Réunion du 25 janvier 2011 à 16h30
Commission des affaires sociales

Dominique Balmary, président de l'UNIOPSS :

La question de la dépendance n'est pas tout à fait nouvelle pour l'UNIOPSS, puisqu'elle plaide depuis presque vingt ans pour la reconnaissance d'un risque couvrant à la fois les personnes âgées et les personnes handicapées.

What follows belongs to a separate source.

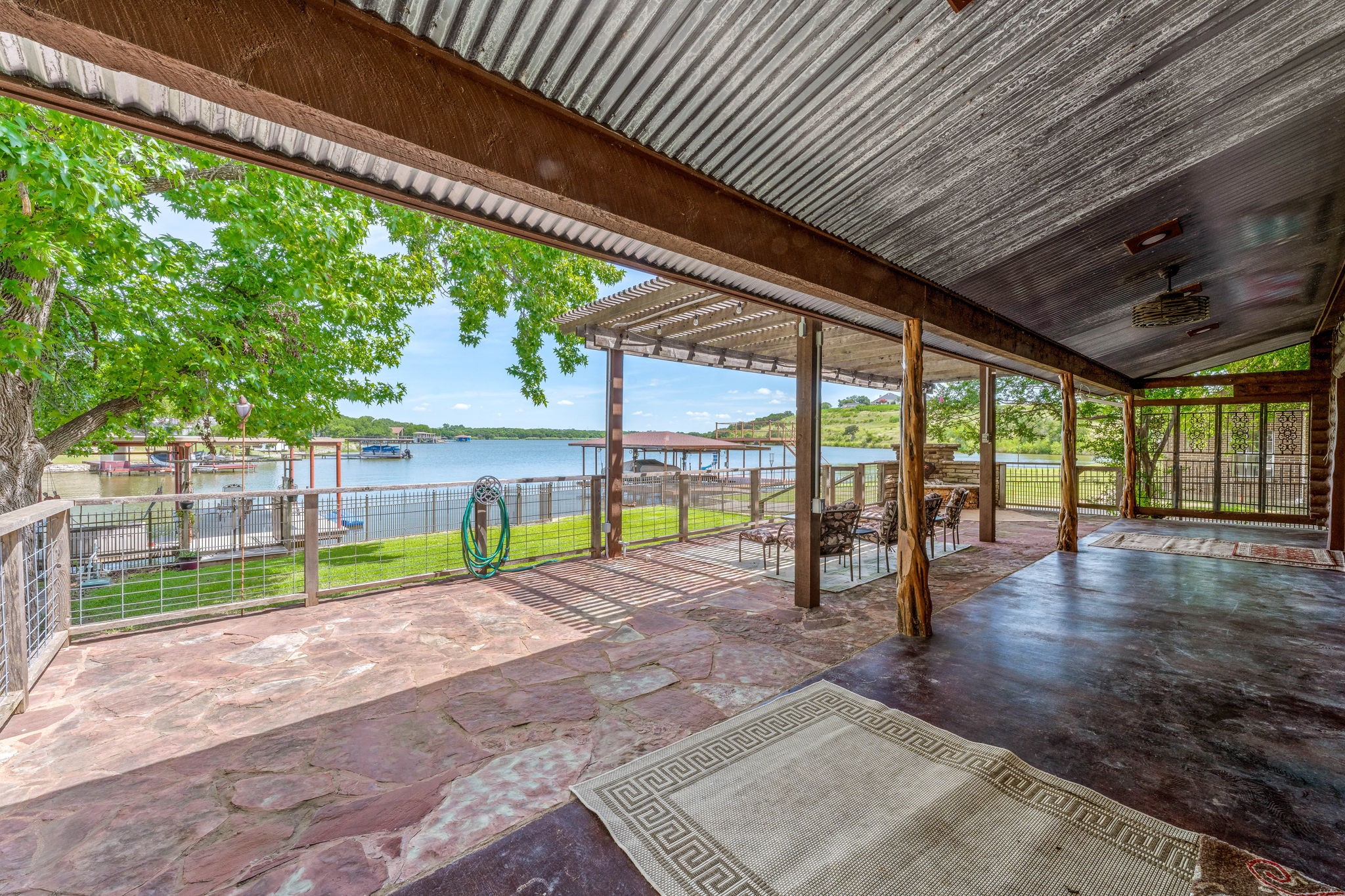 3245 Lakeside Drive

Deux raisons à cela : d'une part, l'augmentation du nombre des personnes âgées et des personnes en perte d'autonomie, favorisée notamment par l'allongement de la durée de vie des personnes handicapées ; d'autre part, l'inégalité croissante de traitement social entre ces personnes, bien qu'elles rencontrent très souvent des difficultés tout à fait analogues, voire semblables. Cette inégalité tient à la fois à des disparités entre personnes âgées et personnes handicapées, du fait la barrière d'âge de 60 ans – barrière que la loi du 11 février 2005 a pourtant entendu, au moins dans son principe, supprimer –, et à des différences entre les bénéficiaires de l'allocation personnalisée d'autonomie (APA) suivant les départements.

La dépendance est bien un problème sociétal, comme l'avait indiqué le Président de la République lors de la campagne électorale de 2007. C'est un risque collectif, que la collectivité a commencé à prendre en charge au travers d'un certain nombre de prestations. Pour autant, on ne peut pas réduire le dossier à sa seule dimension financière. Que souhaitons-nous donc ?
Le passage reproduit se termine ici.